Join photographer Adel Quraishi for an private tour of his exhibition, The Guardians, followed by an opportunity to discuss and ask questions.
The exhibition: The Guardians at Leighton House Museum. As part of Nour Festival of Arts.
Photographer Adel Quraishi was commissioned to produce portraits of the eight remaining ‘Guardians’ of the Prophet’s Mosque (Al-Masjid al-Nabawī) by the Governor of Medina. Once numbered in the hundreds, the Guardians date back to the 11th Century and are the keepers of the keys to the Prophet Muhammad’s burial chamber. Quaraishi is the only man to have been permitted to photograph these subjects, the last of their generation, with three having since passed away.
Quraishi’s sensitive handling of his subjects is evident in the emotion that is conveyed by his sitters, while his technicality shines through in the radiant composition of the photographs. Rendered on a large scale, it is impossible not to be moved by the connection between viewer and subject when confronted with the works.

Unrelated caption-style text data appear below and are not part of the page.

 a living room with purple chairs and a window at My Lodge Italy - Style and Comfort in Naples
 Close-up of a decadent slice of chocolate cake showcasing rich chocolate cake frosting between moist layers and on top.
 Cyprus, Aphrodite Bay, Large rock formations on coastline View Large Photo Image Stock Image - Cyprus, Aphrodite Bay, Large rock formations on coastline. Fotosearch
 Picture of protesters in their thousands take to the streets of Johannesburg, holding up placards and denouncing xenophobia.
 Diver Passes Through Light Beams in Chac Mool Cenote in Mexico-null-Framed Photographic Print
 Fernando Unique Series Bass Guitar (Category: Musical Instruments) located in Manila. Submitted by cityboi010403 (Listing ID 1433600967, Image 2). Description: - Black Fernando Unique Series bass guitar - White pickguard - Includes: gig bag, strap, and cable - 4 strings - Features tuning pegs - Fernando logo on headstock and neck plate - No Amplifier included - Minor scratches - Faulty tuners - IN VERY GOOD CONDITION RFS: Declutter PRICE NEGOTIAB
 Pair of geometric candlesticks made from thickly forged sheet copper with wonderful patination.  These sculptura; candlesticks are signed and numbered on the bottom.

Adel Quraishi is a Saudi Arabian photographer and artist. Born in Al Khobar in 1968, he grew up fascinated by the photographic medium and experimented with various cameras from a young age and into adulthood. Under the tutelage of Brazilian photographer Humberto da Silveira, Quraishi developed a vast repertoire in medium and material, but has focused on portraiture.
In collaboration with The Park Gallery
When & Where
Leighton House Museum
Located on the edge of Holland Park in Kensington, the house is one of the most remarkable buildings of the 19th century.
The house was the former home and studio of the leading Victorian artist, Frederic, Lord Leighton (1830-1896). The Arab Hall is the centerpiece of the house. Designed to display Leighton's priceless collection of over a thousand Islamic tiles, mostly brought back from Damascus in Syria, the interior with its gold mosaics, marble columns and golden dome evokes a compelling vision of the Orient.
The opulence continues through the other richly decorated interiors, with elaborate mosaic floors and walls lined with peacock blue tiles by the ceramic artist William De Morgan. On the first floor is the Silk Room with its display of paintings by Leighton’s friends and contemporaries and the grand painting studio with its great north window, dome and apse – the room in which all Leighton’s important later works were produced including the celebrated Flaming June.